In Brick Protection Corporation v Alberta (Provincial Treasurer),(1) the Alberta Court of Appeal recently examined the insurance boundary in the context of extended warranties. Since such cases are rare – especially at appellate level – this decision is important in clarifying the boundary between insurance and non-insurance.
Brick Protection offered extended warranty exclusively to customers of its sister retail company.
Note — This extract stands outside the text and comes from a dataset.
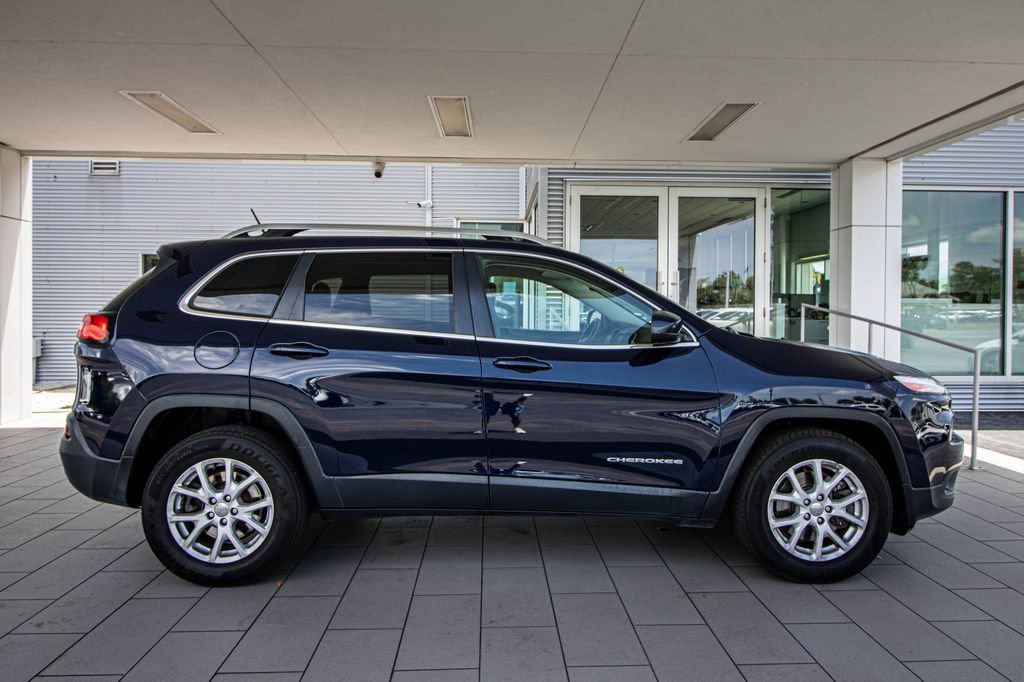 Used 2015 Jeep Cherokee Latitude w/ Cold Weather Group AWD/4WD image 3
Alberta sought to collect taxes imposed on persons "carrying on in Alberta the business of insurance within the meaning of the Insurance Act". As the Insurance Act does not define the 'business of insurance', the majority focused on the definition of 'insurance'. This definition is similar across the provinces/territories and thus the court's decision has broad implications.
Justice Côté, in his judgment on behalf of the majority, found Ballentine's reference work American Jurisprudence helpful in interpreting 'insurance':
"The nature of a contract as one of insurance depends upon its contents and the true character of the contract actually entered into or issued – that is, whether a contract is one of insurance is to be determined by a consideration of the real character of the promise or of the act to be performed, and by a consideration of the exact nature of the agreement in the light of the occurrence, contingency, or circumstances under which the performance becomes requisite."(2)
He also found helpful the following quote from the Supreme Court of Canada's Chieu(3) decision:
"this Court has long rejected a literal approach to statutory interpretation. Instead, [the statute section at issue] must be read in its entire context. This inquiry involves examining the history of the provision at issue, its place in the overall scheme of the Act, the object of the Act itself, and Parliament's intent both in enacting the Act as a whole, and in enacting the particular provision at issue."(4)
The judge found that in this case the risks dealt with were product failures, which were internal matters rather than the external factors that are the usual features of insurance. He also noted that no amounts were paid; rather, the products were repaired or replaced.
The judge further described how various contracts – from leases to lump-sum construction contracts to indemnities – allocate risks between parties. Just as it would be absurd to classify all of these contracts as 'insurance', he found it would be equally absurd to classify Brick Protection's extended warranty as 'insurance'.
While judges in other cases have found US jurisprudence helpful and sometimes persuasive, all three judges in this case rejected the US trend that holds that an extended warranty offered by a manufacturer or retailer on its product is not insurance, while such an extended warranty offered by a third party is considered to be insurance. Brick Protection was a sister company of the retailer.
Justice Graesser, in his concurring judgment, based his decision on the fact that the Alberta superintendent (the person responsible for administering the Insurance Act) did not require Brick Protection's input in order to comply with the Insurance Act's licencing and solvency provisions. As such, his reasons are less informative.
This decision provides legal practitioners with an additional milestone or 'brick' to help them in delineating the insurance boundary line.